天気悪いのですが工場で急ぎの塗装仕事してまして・・・しかし案の定乾きません。
塗料の乾燥と、塗料の匂いからの自己回復待ちの間にブログ書いてます(笑)。
前回は燃料に異物(錆粉)が入ったトラブルの紹介をしましたが、続けて燃料の腐敗のことを書きたいと思います。前の記事と順番に読んで頂けると分かりやすいと思います。
オーナーさんは他にディーゼル船もあり、この船外機がついた船は半年ほど使っていなかったそうで久しぶりにエンジンかけようしたところ始動出来なかったそうです。
お持ち込みして頂きました。
テスト水槽に据え付けて確認をしようとトップカウルをあけたところ・・
強烈な異臭がしました。ガソリンが腐敗した匂いです。
これでほぼ原因は分かったのですが、一応エンジンオイル、プラグ、その他全体的に点検を行いエンジンを始動させてみました。スロットル閉状態では始動できませんが、ややスロットルを開けると始動しようと不規則な爆発はしますが安定せず。
まあキャブレターですね。
本体から取り外して分解しながら各部の点検を実施
フロートチャンバー(燃料が溜まるカップ)内の残った燃料ですが、やや変色して粘度が高いトロリとした感じです。正常なガソリンではありません。
順番に分解、洗浄剤で清掃してからエアブローを行いました。
これエンジンが低速(アイドリング)時に燃料を供給するジェット(燃料管)です。
私の指は標準的な大人のサイズなんで部品が特別小さい訳ではありません。燃料の経路とても狭いんです。

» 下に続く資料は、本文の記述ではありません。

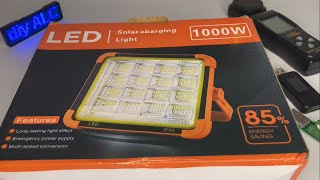 Review Lampu Emergency Outdoor 288 LED 800W + Solar Charging Light Merk INTELIGHT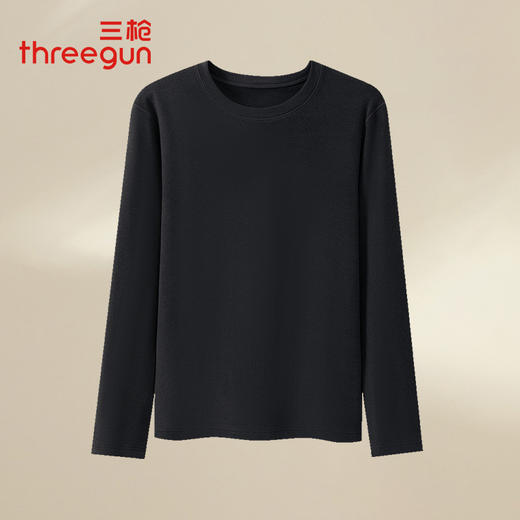 Threegun三枪 【金舒绒】圆领女士长袖上衣打底衫-24344A011 商品图9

恐らく今回はフロートチャンバー内のガソリンが腐って粘度が高くなり上手く流れなかったのかと思います。
一応、サイズを合わせた専用工具でジェットの清掃をしています。この部品は真鍮製で傷みやすくサイズの合わない針金などでむやみに清掃しようとすると傷んでしまい余計に調子悪くなりますので専門の知識の有る方以外は触らないほうが良いです。
他、燃料タンク内やホース&経路内も点検と清掃をしましたが問題はありませんでした。
よって原因としてはキャブレター内に残った燃料はわずかで容量も少ないので夏の暑い期間など未使用で長期放置された結果、劣化(腐敗)した可能性があります。
キャブレターOH清掃後に組み付けた船外機は・・・
問題なく始動して運転できるようになりました。
さて、また長くなりましたが注意点をまとめますと・・・
・古いガソリンは使用しない
・長期に渡り使用予定が無かったり、オフシーズンになり残ったガソリンは他で流用してしまう
・キャブレター内の残ったガソリンは抜く(残念ながら全てのモデルが可能ではありません)

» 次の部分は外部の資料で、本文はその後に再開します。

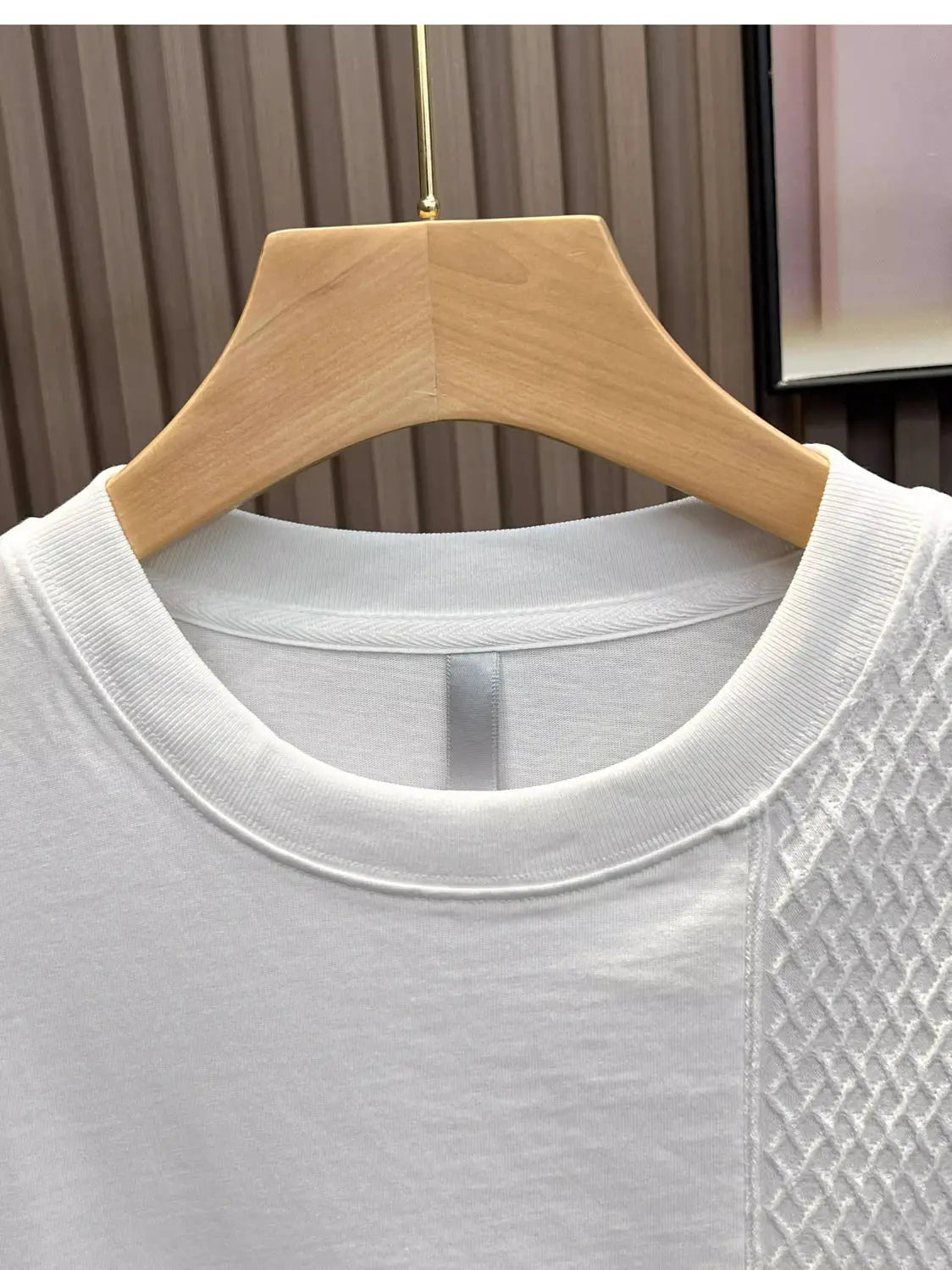 American Casual Summer Patchwork Color Block Loose Short Sleeve T-Shirt(Available)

ちなみに今回の「ヤマハF20B」ですが、冬は陸上に上架して使用されない様なのでキャブレター内のガソリンは排出しました。
この様にキャブレターの位置が良くフロートチャンバーのドレンスクリューがアプローチしやすい場所にある場合には、下にウエスなどをひいて溢れるガソリンを受けれるようにしてからネジを緩めてガソリンを排出する事が可能です。
なお、海上に係留している船舶ならオフシーズンで使用しない時期でも、月に1、2回船外機を降ろしてエンジンを始動してアイドリングで10分程度暖機運転するだけでも燃料が循環しますので今回のようなケースの発生を軽減できます。
またこの暖機運転をすればエンジンオイルも循環してシリンダー内部に油膜をはりますのでエンジン的にも良い事と言えます。
以上、最後まで読んで頂きありがとうございました。
みなさまのボートライフの参考になれば幸いです。